_WHAT YOU SHOULD DO:_
For this exercise, copy all the data exactly and include none of the pictures.

-----

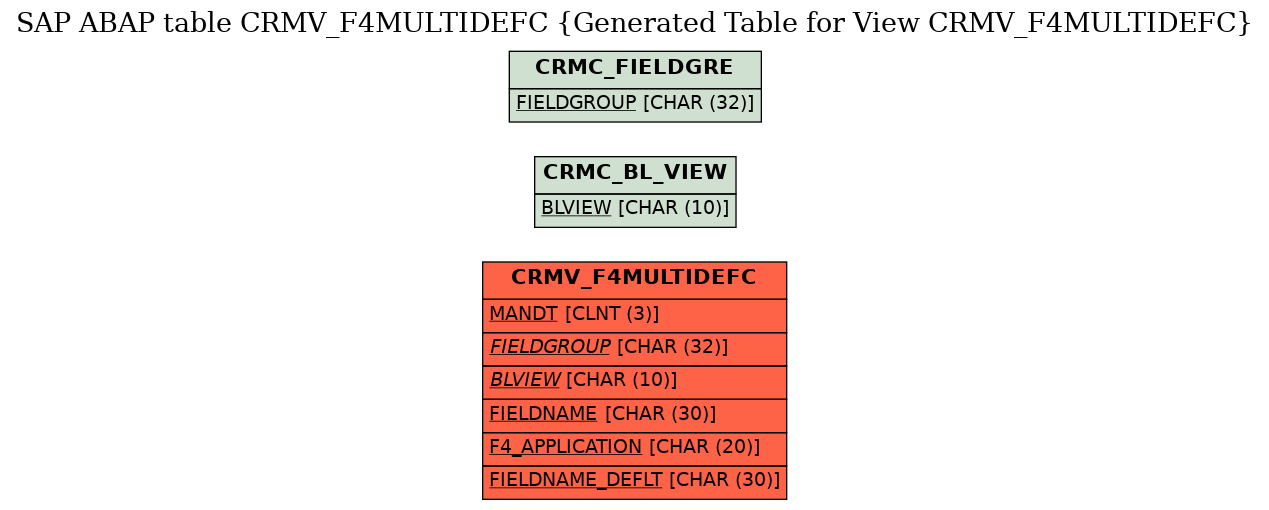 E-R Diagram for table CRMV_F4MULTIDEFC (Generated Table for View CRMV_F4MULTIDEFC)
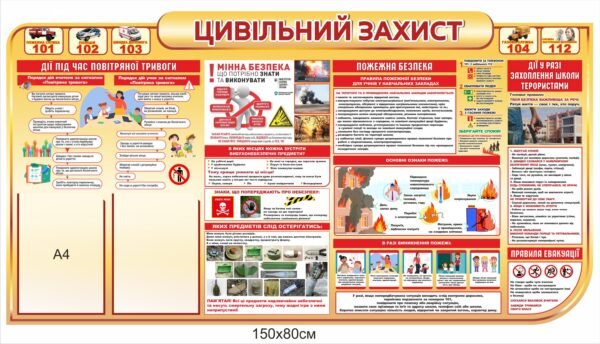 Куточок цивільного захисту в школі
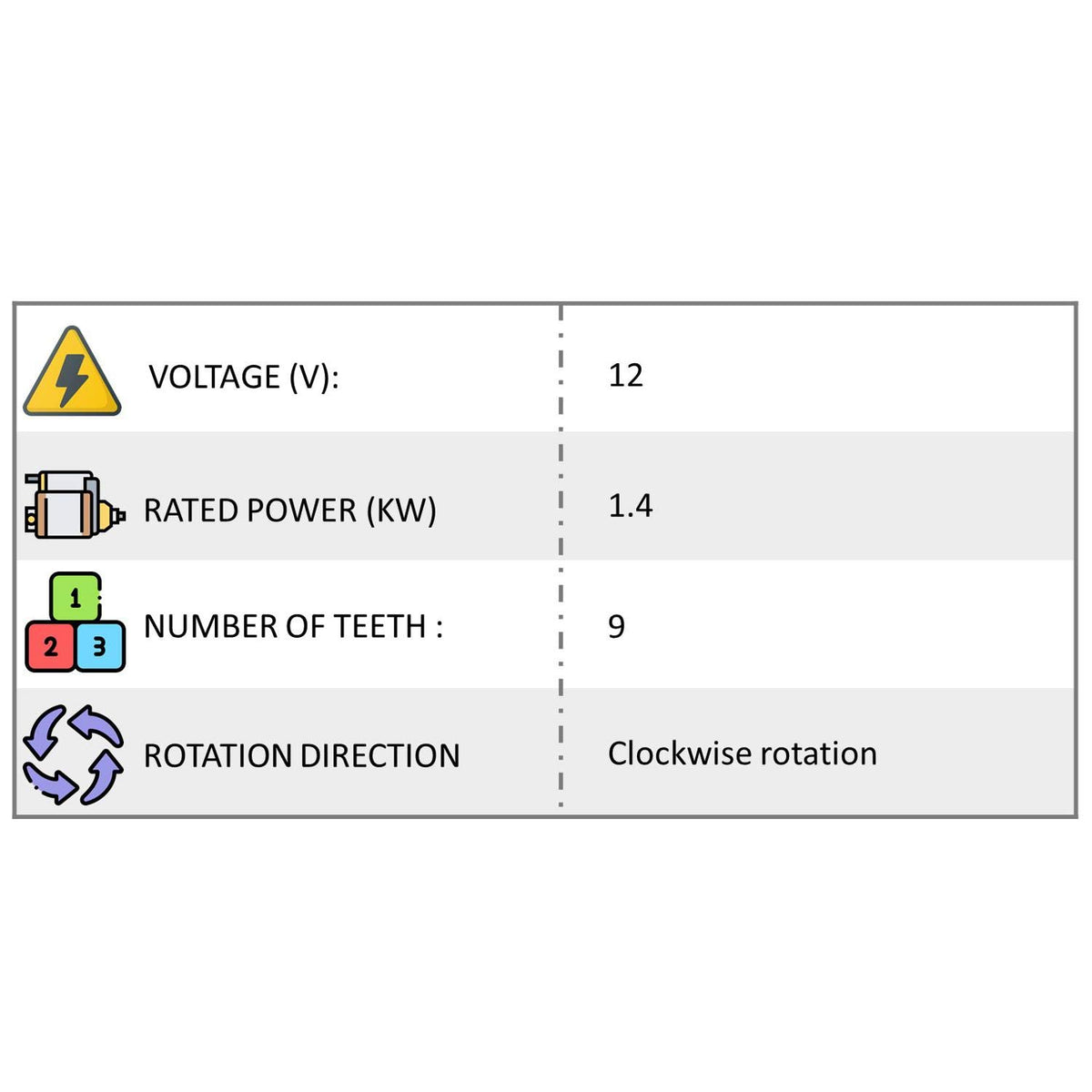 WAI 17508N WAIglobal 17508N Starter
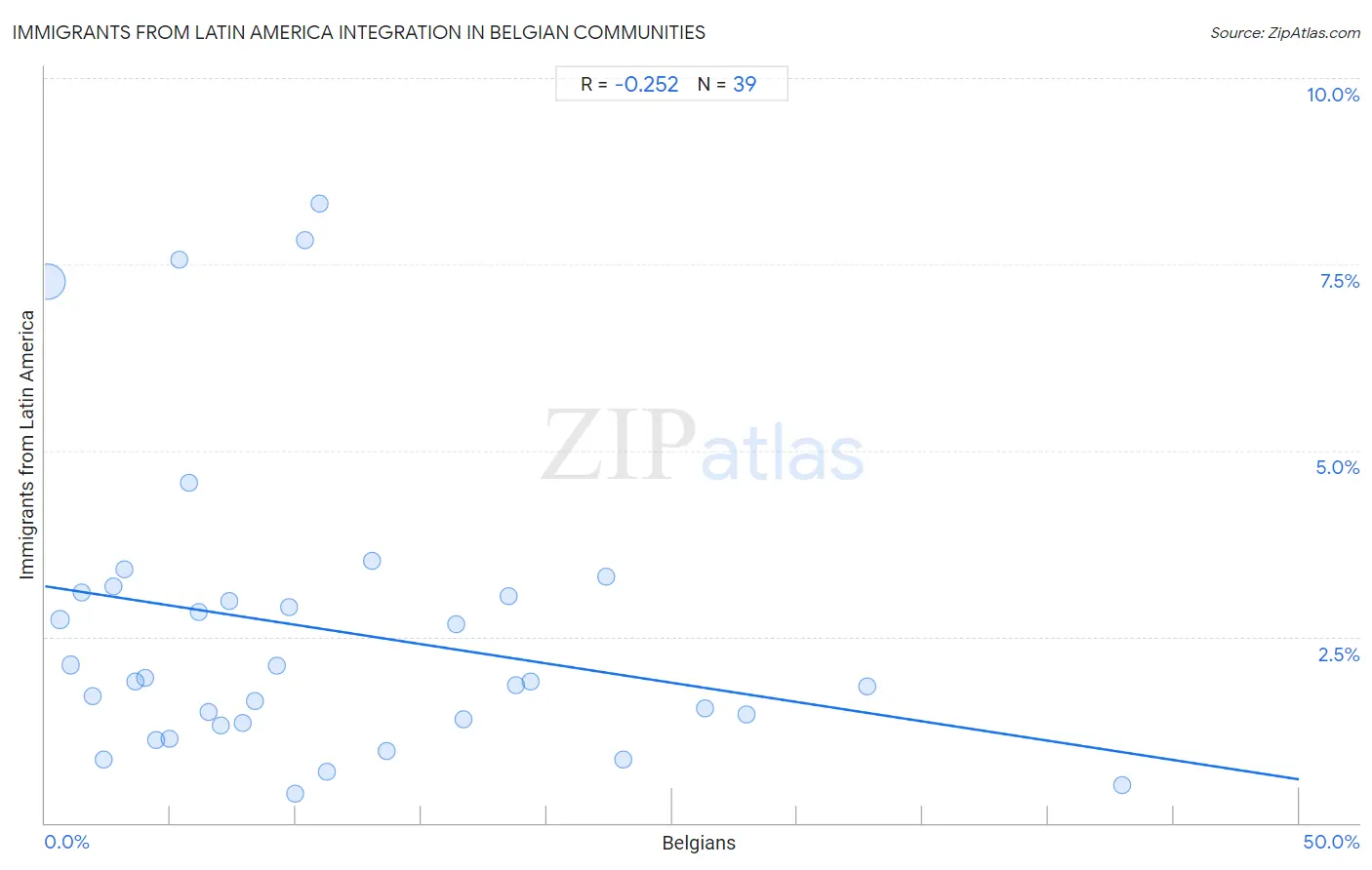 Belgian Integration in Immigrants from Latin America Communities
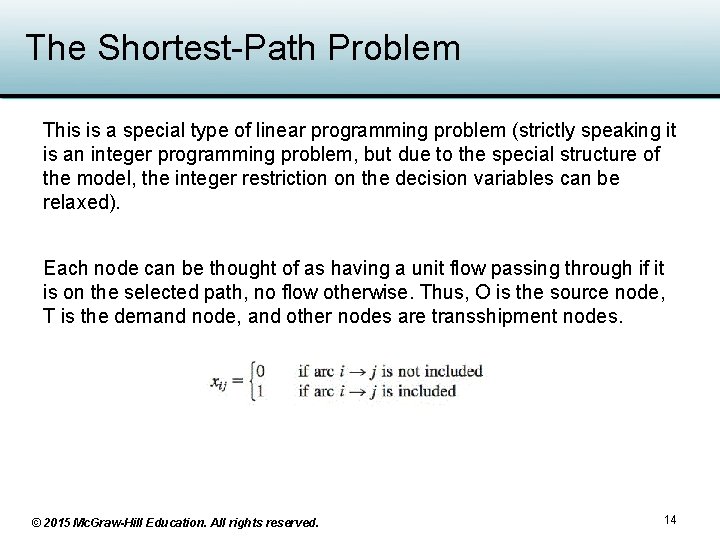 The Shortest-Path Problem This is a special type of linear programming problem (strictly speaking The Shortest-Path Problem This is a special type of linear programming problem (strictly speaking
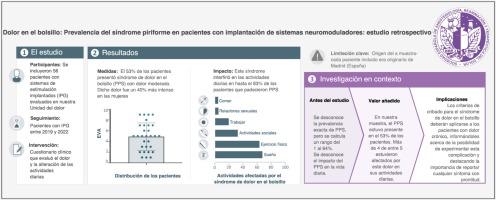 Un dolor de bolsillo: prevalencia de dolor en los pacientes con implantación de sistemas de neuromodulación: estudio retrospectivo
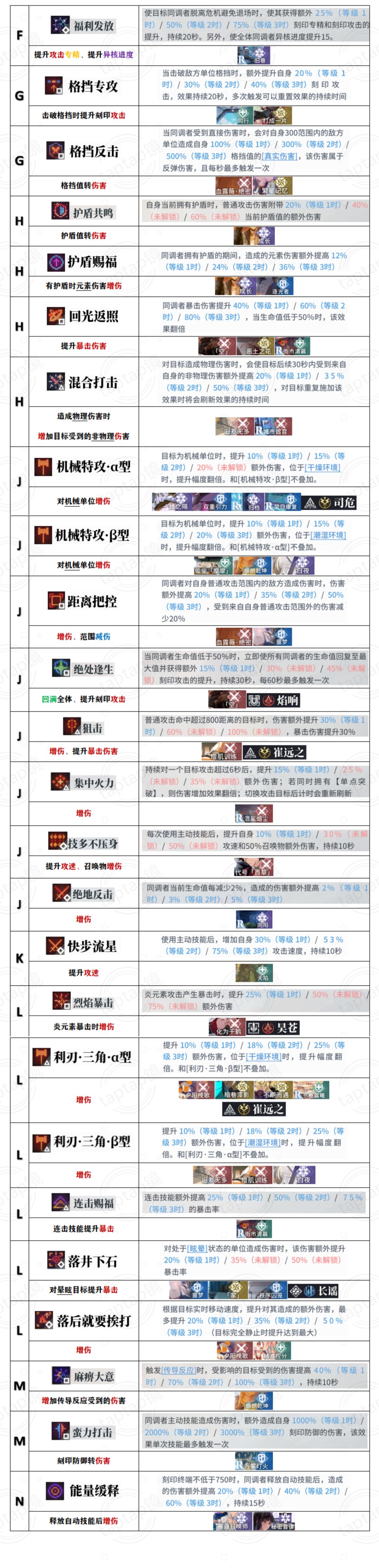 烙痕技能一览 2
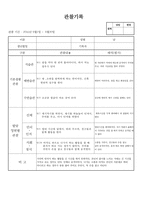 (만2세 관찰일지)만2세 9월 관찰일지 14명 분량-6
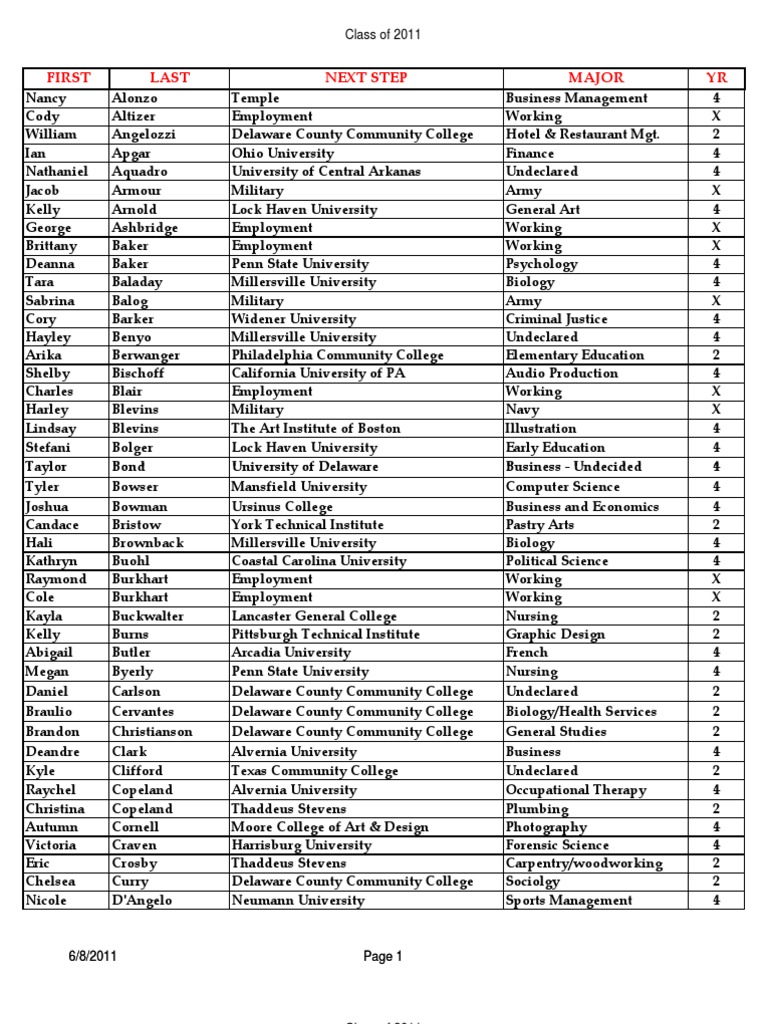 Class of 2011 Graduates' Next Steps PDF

-----

_OUTPUT FOR THIS EXERCISE:_
 E-R Diagram for table CRMV_F4MULTIDEFC (Generated Table for View CRMV_F4MULTIDEFC)
 Куточок цивільного захисту в школі
 WAI 17508N WAIglobal 17508N Starter
 Belgian Integration in Immigrants from Latin America Communities
 The Shortest-Path Problem This is a special type of linear programming problem (strictly speaking The Shortest-Path Problem This is a special type of linear programming problem (strictly speaking
 Un dolor de bolsillo: prevalencia de dolor en los pacientes con implantación de sistemas de neuromodulación: estudio retrospectivo
 烙痕技能一览 2
 (만2세 관찰일지)만2세 9월 관찰일지 14명 분량-6
 Class of 2011 Graduates' Next Steps PDF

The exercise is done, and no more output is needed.